Don't be afraid of repeating. Because if you really thought of it on your own, it will not be repetition. It will be the best kind of reinforcement an idea can get -- the knowledge that someone else got there by a different path. Think. Talk. Then read. Laugh back when they laugh at you.

One of my friends has never read a single philosophical text, eastern or western, and yet he arrived at the platonic theory of forms, Descartes' Cogito, and the Ying/ Yang model, all on his own. He calls them by different names, and seems ignorant to those with a philosophy degree, but he thinks better and more clearly than most people I know.

It's been more than 2000 years now, people. It's time to stop writing footnotes.

Nonetheless, one is under an obligation to read and understand what others have said on the subject, if one wants to articulate relevant thoughts on something.

I mean, it is okay to wax philosophical without restraint and footnotes when you are sitting on the porch, shooting shit and having a Penn Pilsner with your buddies.

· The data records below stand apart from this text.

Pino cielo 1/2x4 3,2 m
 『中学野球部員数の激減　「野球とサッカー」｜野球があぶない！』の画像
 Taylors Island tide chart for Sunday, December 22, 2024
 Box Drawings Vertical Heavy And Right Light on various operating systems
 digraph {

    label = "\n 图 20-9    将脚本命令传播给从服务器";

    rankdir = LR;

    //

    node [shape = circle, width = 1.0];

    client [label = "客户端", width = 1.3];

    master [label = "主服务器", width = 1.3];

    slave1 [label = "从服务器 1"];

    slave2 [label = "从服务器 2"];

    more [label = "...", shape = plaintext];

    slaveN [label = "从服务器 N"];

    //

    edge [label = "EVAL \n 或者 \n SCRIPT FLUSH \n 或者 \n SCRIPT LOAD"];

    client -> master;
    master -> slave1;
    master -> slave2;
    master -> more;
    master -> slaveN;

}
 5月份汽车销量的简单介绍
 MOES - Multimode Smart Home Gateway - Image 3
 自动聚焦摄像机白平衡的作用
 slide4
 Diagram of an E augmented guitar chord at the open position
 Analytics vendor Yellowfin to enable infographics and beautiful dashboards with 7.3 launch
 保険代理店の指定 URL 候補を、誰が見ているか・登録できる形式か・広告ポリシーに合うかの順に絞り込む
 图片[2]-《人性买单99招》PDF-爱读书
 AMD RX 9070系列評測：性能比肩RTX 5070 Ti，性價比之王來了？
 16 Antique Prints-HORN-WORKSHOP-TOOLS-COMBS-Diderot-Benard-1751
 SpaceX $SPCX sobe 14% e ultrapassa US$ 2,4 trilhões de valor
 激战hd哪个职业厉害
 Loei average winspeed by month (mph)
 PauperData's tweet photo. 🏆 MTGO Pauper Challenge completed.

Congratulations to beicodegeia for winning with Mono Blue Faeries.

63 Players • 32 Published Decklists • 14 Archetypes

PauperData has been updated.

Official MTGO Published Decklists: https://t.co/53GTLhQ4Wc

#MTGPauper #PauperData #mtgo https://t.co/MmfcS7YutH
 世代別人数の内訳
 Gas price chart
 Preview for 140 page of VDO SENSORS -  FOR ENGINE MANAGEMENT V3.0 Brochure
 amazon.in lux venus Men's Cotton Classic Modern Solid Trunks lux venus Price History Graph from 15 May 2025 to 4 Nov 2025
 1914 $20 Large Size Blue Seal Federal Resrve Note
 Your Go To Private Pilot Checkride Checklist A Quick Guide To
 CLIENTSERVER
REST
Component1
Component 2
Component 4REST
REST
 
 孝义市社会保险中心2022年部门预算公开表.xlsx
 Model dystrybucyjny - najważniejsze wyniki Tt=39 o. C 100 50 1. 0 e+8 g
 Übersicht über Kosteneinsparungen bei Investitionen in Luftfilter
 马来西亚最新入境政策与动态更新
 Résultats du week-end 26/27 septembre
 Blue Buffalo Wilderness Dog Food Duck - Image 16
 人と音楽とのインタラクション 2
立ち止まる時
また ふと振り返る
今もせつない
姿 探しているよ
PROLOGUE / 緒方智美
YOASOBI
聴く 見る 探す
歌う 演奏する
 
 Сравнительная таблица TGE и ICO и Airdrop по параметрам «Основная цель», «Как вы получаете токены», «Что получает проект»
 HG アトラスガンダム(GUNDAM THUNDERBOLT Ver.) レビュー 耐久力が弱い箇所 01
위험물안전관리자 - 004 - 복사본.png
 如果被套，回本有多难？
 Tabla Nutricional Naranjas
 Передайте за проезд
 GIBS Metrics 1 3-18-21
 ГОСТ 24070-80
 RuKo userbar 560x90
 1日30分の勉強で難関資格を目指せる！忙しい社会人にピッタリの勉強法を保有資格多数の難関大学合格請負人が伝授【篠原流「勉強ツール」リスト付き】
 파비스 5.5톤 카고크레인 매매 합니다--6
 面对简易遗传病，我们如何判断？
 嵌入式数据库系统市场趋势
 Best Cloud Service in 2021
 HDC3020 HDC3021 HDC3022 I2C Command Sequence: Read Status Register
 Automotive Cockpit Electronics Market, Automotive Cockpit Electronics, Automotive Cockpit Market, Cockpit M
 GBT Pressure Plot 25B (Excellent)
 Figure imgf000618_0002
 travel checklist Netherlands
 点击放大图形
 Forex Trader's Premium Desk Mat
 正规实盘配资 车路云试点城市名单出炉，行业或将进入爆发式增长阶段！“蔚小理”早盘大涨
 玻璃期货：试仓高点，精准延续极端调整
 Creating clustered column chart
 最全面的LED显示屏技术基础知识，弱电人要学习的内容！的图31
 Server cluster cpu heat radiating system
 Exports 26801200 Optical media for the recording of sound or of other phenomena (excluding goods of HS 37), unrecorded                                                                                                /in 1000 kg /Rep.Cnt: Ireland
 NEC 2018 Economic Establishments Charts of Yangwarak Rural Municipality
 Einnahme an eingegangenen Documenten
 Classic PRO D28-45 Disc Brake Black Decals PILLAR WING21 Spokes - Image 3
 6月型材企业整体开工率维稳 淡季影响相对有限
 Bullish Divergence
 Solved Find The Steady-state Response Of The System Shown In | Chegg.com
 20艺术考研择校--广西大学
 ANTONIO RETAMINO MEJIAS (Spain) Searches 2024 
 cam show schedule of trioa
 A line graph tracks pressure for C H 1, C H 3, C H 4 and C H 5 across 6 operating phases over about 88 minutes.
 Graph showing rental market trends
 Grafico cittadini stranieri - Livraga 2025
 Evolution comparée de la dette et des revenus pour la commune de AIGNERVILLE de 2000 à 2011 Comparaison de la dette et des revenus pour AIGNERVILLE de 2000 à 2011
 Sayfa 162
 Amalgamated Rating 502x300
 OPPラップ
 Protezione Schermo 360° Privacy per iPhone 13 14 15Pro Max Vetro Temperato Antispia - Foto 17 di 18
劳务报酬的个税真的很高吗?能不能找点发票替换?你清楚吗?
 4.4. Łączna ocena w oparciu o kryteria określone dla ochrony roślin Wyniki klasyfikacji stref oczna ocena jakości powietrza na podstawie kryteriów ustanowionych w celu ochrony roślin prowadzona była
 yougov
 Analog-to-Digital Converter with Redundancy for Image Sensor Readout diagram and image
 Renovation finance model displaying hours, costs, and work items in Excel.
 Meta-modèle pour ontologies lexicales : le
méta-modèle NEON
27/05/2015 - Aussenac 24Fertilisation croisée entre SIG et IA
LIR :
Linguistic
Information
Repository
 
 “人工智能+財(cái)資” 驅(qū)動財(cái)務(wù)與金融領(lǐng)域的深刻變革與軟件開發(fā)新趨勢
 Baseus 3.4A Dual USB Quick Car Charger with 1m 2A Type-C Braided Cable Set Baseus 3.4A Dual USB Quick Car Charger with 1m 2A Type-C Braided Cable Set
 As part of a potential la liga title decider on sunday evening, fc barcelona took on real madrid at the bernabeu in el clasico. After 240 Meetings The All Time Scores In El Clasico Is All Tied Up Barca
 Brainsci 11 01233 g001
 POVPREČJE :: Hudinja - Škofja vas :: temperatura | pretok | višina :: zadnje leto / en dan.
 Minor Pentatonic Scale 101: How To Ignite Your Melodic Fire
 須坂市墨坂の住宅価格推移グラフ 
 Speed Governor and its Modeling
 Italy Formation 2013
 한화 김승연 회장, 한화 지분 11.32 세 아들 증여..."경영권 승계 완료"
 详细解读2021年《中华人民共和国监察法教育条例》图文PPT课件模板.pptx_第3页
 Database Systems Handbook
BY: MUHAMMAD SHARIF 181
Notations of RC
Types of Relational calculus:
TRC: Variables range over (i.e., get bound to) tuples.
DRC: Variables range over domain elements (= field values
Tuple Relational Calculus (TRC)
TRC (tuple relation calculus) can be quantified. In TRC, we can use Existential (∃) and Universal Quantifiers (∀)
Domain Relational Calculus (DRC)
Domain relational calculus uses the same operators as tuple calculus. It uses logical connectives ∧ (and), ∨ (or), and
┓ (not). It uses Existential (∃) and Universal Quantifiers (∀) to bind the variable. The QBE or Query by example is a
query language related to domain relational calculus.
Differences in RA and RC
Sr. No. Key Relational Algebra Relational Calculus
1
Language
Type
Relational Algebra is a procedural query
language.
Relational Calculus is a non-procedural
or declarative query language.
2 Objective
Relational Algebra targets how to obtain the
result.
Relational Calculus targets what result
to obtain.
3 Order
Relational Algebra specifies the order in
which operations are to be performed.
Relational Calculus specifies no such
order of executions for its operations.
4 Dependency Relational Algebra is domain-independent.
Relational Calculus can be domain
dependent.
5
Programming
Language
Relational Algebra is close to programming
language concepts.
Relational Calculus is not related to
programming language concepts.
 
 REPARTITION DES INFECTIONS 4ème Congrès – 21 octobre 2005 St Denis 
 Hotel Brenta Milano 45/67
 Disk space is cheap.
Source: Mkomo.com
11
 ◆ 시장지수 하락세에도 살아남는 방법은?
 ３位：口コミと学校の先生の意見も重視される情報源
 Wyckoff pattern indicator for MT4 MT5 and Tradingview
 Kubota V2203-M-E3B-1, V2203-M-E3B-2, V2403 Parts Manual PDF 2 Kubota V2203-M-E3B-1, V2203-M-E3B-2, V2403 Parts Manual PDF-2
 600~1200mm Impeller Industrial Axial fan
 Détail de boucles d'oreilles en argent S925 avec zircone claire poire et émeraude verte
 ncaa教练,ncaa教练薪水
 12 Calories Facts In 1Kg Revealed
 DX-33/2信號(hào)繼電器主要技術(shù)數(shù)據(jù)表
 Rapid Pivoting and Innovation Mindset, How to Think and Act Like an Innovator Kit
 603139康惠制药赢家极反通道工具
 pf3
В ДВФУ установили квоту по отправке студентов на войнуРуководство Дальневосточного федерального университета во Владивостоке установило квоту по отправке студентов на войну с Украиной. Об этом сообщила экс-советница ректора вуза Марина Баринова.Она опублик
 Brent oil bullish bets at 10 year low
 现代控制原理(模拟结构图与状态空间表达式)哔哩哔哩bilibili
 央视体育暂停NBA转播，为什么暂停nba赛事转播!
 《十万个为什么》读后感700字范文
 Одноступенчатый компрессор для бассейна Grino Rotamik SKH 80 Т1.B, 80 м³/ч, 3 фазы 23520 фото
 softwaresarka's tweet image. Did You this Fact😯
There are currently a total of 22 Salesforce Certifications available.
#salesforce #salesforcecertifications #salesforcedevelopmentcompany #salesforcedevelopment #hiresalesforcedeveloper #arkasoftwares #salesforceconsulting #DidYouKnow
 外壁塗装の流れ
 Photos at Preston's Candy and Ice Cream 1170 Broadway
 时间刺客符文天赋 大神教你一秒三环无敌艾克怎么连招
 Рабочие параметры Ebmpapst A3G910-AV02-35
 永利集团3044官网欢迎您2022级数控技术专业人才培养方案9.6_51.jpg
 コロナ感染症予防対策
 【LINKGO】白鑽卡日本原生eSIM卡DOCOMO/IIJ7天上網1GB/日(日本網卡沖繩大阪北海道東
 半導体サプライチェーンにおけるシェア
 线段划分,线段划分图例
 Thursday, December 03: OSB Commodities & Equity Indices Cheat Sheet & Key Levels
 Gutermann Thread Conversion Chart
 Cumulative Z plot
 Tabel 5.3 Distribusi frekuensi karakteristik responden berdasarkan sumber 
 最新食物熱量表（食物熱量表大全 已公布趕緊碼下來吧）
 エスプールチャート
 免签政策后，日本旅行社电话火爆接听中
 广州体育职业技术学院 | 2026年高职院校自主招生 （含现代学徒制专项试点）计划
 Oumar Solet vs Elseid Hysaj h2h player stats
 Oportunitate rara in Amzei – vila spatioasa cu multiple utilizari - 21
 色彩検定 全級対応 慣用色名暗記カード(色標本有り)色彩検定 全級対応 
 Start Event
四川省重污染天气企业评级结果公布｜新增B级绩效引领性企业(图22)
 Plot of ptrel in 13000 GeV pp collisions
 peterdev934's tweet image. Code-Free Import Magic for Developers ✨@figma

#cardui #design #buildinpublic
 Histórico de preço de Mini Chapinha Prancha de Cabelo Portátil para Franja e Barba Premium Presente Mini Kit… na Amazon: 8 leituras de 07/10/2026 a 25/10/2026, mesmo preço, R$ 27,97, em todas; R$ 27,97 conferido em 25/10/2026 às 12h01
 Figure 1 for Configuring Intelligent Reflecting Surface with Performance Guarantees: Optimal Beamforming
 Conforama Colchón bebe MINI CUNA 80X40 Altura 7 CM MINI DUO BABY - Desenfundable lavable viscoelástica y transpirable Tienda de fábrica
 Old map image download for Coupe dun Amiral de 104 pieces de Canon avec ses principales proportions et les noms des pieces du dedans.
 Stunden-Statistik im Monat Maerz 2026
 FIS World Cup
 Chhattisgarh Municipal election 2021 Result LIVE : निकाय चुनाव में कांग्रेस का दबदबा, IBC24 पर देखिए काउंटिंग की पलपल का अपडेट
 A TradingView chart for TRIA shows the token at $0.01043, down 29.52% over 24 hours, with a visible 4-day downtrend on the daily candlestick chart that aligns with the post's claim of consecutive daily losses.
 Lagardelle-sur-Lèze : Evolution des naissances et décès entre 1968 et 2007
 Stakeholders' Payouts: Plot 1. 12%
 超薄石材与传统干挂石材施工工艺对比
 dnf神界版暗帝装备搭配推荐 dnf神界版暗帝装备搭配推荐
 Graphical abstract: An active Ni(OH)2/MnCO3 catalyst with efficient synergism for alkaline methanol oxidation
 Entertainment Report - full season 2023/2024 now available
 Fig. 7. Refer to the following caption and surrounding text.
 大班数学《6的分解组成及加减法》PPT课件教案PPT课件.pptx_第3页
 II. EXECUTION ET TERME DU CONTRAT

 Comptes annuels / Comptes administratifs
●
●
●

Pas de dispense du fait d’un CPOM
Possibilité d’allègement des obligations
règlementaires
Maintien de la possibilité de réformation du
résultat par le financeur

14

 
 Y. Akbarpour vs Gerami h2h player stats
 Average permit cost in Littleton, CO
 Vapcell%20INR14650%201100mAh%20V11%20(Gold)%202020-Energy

But if you want to contribute, you better read up, otherwise you will repeat somebody else's mistakes, in which case where does your originality and brilliance go ? Down the drain.

Consider now Plato and the traditional problem of the white horse archetype: is there an archetype for horses, or for white horses ? And in that case, why not for young white horses, and old white horses ? And in that case ... you end up having to populate the world of ideas with a copy of the material world, which pretty much screws you over.
This same paradox has occured to the Chinese equivalent of Platonists .
And it will hit like an Exocet any budding Platonist out there. So one should be aware of it.

Also, consider computers and client server systems. If you are not aware of history, all the bullshit about thin clients and "the network is the computer" will get you. You will believe it. You will think "original" thoughts about it.
But you know what ? Your father has been there and done that. A thin client is just a dumb terminal, and the issues are the same, and your father faced them in the seventies, and you better be aware of them, because they will come back.

Apply scholarship. Read. Study. In disciplines where there is progress, not to know what has occured to others condemns the thinker to irrelevance.

Postmodernism is actually based around the theory that all knowledge and truths are subjective, and that there are no absolutes. Under this theory, all ideologies are inherently biased, and therefore there is no one ideology that is worth following. Also, there are no originals that are more valuable than subsequent copies. Instead, there is an a anarchic collective of homogenous equals. In accordance with this, adherents of the postmodernist movement borrow from many different artistic philosophies to produce a product that is not original, but that is presented in an original way. In essence, so what if your radical ideas have already occured to others? Originality is over-rated.